Dataset records:
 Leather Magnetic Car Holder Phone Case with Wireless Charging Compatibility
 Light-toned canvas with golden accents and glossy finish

* * *

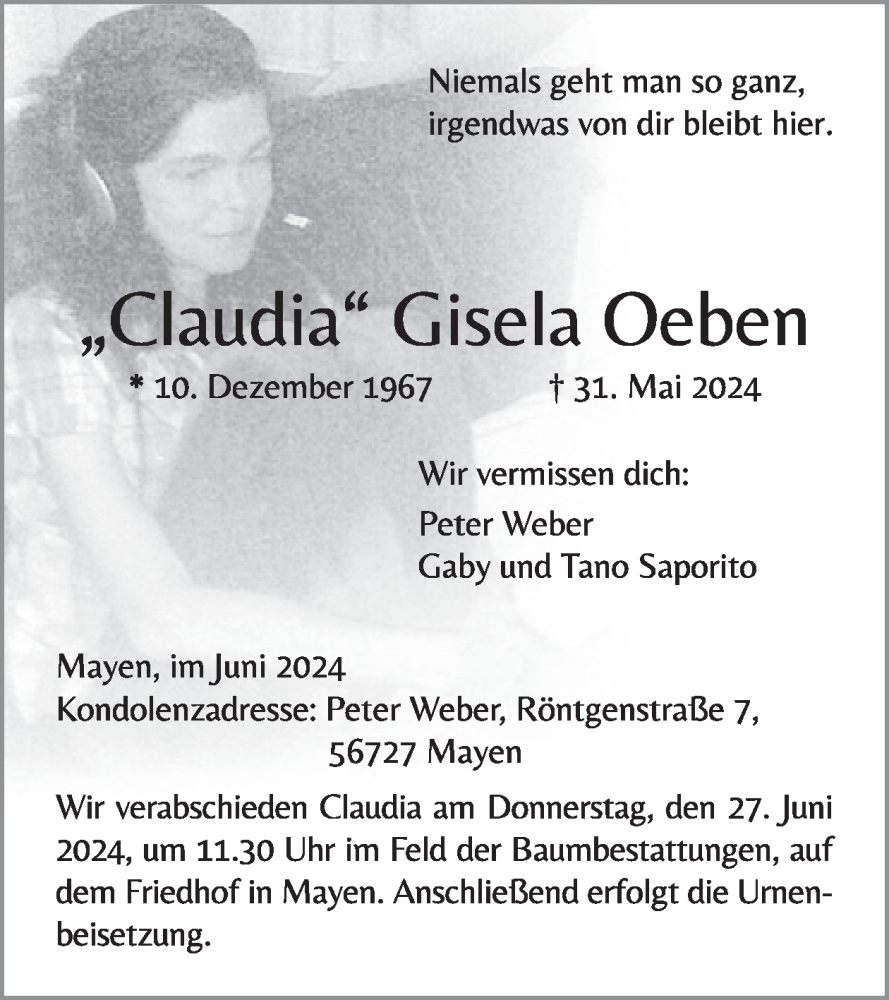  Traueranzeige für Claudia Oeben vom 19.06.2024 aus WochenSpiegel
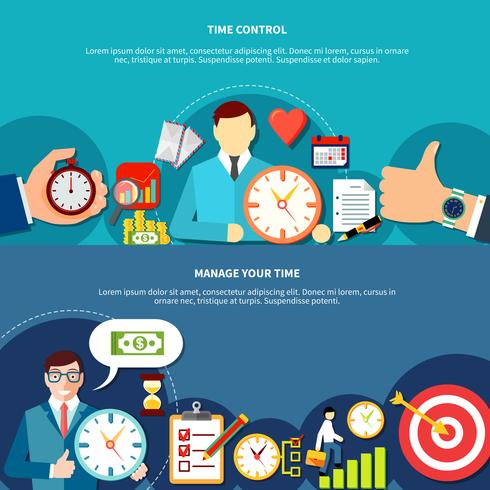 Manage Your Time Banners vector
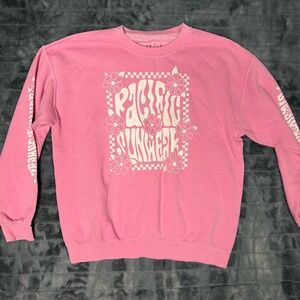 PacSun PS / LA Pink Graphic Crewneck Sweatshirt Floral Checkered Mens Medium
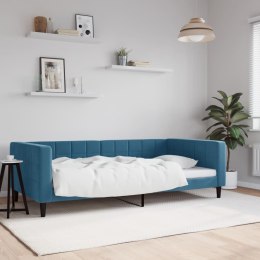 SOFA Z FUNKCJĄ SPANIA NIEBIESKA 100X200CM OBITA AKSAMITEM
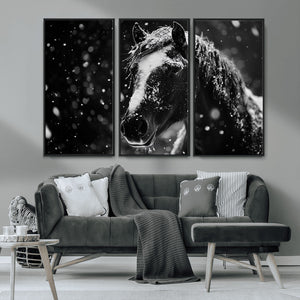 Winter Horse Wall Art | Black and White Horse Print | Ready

Work item: Look back at the entries above and repeat, unchanged, every line from the line holding "Leather Magnetic Car" through the line holding "Light-toned canvas with".

Final answer:
 Leather Magnetic Car Holder Phone Case with Wireless Charging Compatibility
 Light-toned canvas with golden accents and glossy finish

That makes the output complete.